Factors are R's way of representing categorical data. Model formulas (the y ~ x DSL) are how regressions are specified. Knowing how factors interact with formulas is the difference between competent and confused regression in R.

Factors — categorical with levels

x <- c("low", "high", "low", "medium", "high")
f <- factor(x, levels = c("low", "medium", "high"), ordered = TRUE)
levels(f)
table(f)

The order of levels matters: the first level is the reference category in regression. lm() with a factor predictor estimates one coefficient per non-reference level, capturing the difference from the reference.

Formula DSL

y ~ x — simple regression
y ~ x1 + x2 — multiple regression
y ~ x1 + x2 + x1:x2 — with interaction
y ~ x1 * x2 — main effects + interaction (shorthand for above)
y ~ . — all other variables in the data frame
y ~ x1 - 1 — no intercept
y ~ I(x^2) — use the literal expression (I() escapes formula special meaning)

Interactions in detail

# Interact a continuous and a categorical
lm(y ~ x * group, data = df)
# Equivalent to: y ~ x + group + x:group
# Reads as: 'effect of x is allowed to differ by group'

Contrasts — what the coefficients mean

By default, R uses 'treatment contrasts': the first factor level is the reference, and other coefficients give the difference from reference. You can change to 'sum-to-zero' contrasts, polynomial contrasts (for ordered factors), etc., via the contrasts() function.

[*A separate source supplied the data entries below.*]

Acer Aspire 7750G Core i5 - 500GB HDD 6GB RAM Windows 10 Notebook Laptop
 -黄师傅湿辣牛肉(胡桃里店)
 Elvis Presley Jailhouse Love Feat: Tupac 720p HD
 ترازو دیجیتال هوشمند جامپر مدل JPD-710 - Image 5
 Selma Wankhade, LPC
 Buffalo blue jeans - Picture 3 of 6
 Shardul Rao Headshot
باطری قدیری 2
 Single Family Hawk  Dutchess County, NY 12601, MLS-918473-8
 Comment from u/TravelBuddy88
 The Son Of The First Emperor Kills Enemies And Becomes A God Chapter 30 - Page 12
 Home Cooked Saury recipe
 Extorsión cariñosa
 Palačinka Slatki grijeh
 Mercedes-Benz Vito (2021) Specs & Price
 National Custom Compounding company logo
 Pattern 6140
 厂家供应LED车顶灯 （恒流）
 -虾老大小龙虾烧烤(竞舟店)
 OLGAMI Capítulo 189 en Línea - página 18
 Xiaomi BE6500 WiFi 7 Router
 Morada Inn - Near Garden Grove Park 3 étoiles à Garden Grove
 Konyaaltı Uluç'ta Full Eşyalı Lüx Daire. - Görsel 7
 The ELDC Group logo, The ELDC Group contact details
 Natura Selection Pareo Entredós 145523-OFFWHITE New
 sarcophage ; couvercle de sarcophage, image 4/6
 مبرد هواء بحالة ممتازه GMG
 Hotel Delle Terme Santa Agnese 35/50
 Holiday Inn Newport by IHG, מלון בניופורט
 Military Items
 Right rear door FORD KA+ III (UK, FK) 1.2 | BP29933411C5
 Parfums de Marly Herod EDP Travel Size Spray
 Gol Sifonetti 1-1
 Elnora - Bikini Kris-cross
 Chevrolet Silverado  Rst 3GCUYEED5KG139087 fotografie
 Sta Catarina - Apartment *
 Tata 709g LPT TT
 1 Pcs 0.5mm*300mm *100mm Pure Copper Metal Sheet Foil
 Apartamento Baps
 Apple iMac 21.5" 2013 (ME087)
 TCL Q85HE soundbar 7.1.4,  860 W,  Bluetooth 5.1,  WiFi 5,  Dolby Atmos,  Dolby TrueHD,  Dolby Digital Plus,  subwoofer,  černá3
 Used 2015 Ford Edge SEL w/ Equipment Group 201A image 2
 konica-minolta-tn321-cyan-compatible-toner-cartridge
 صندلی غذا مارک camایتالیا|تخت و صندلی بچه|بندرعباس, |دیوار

Margins — making coefficients human-readable

library(margins)
model <- lm(y ~ x * group, data = df)
margins(model)            # average marginal effects
margins(model, at = list(x = c(0, 1, 2)))

Factor levels in unexpected order

If you read 'low', 'medium', 'high' as character data, factor() defaults to alphabetical levels: high, low, medium. Always specify levels = ... explicitly when order matters.

Exercise

Convert c('low', 'high', 'medium') to a factor with levels ordered low, medium, high.